Maurey pulled herself to her knees She resented like hell the old age
push
it took to get her off the ground. “You had a little suitcase about the size of an overnight bag, and in the bottom was a picture postcard of the Tetons. I think that’s why she first thought of me.”

Maurey stood. “Let’s go over by the springs. I need to check on an American redstart Pud swears is nesting in a willow patch.”

Roger shook out the blanket. “Lydia says I have to track down the author. She says I have a responsibility to discover what happened during the missing years.”

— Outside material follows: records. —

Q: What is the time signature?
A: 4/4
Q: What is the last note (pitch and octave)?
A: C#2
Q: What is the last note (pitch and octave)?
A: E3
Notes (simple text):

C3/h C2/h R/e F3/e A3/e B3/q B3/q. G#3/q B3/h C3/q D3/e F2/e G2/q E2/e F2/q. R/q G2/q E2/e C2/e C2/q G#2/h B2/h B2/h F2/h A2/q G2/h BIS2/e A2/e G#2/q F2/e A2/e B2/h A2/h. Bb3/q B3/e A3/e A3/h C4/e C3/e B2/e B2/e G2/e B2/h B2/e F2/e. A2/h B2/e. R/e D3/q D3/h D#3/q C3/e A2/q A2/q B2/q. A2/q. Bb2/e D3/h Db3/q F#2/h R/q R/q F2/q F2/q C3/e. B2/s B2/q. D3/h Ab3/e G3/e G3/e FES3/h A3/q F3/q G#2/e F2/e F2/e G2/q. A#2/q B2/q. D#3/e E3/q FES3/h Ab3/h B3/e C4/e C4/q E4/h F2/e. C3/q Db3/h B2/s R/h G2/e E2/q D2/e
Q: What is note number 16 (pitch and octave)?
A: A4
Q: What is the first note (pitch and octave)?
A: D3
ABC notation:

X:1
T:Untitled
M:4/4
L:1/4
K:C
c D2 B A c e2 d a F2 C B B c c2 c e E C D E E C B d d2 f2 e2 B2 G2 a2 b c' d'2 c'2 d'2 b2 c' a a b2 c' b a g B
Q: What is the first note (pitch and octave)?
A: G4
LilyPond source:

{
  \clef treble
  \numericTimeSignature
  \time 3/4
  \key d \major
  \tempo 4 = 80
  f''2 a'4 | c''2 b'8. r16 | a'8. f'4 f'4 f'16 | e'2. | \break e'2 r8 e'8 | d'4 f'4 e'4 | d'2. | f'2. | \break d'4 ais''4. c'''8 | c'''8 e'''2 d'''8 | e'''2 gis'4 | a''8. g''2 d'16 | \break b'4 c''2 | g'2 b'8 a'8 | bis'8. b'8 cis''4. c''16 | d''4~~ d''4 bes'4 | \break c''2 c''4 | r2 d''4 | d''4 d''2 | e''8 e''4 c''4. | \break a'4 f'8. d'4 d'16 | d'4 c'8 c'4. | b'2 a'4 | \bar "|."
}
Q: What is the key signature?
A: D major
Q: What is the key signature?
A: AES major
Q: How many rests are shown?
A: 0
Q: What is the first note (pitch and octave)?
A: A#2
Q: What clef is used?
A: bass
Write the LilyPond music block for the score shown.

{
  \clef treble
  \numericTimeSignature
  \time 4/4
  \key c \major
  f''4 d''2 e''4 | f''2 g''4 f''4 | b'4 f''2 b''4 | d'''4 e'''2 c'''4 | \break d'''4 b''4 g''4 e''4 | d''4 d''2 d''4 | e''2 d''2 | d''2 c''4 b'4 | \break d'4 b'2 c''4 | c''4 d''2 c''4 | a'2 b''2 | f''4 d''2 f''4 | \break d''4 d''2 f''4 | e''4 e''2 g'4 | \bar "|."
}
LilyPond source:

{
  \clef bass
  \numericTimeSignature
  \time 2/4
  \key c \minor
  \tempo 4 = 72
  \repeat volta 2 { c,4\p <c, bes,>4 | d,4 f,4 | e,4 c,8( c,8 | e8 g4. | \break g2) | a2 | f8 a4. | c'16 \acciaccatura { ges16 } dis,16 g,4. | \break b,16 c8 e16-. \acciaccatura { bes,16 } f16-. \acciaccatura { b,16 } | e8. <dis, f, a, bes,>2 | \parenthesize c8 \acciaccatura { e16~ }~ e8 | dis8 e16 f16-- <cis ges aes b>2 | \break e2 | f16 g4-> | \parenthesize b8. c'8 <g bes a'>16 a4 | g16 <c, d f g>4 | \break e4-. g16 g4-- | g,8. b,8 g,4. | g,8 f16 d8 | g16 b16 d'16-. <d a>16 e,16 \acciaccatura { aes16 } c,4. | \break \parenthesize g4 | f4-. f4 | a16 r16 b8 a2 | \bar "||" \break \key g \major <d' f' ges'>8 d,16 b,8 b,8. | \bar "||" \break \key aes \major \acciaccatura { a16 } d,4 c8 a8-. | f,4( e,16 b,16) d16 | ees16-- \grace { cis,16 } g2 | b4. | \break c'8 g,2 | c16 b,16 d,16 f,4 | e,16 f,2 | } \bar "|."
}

Maurey unscrewed the scope off its tripod. “What do you think?”

“I think she’s a nosy bitch. What good can come from me knowing stuff that had to be so lousy I stopped talking?”

Maurey stalled for time by writing the date and place next to the drawing of a ring-necked duck in her Petersen’s Field Guide.
Ring-necked ducks have a ring on their bill. She’d never understood why they weren’t called ring bills instead of ring necks, but even more important, this seemed one of those moments when she was supposed to come through like family. Maurey had always known Roger would go searching for his past someday. Her maternal instincts cried out for her to protect the boy, but she knew from bitter experience that once the kids are out of high school maternal instincts are often wrong.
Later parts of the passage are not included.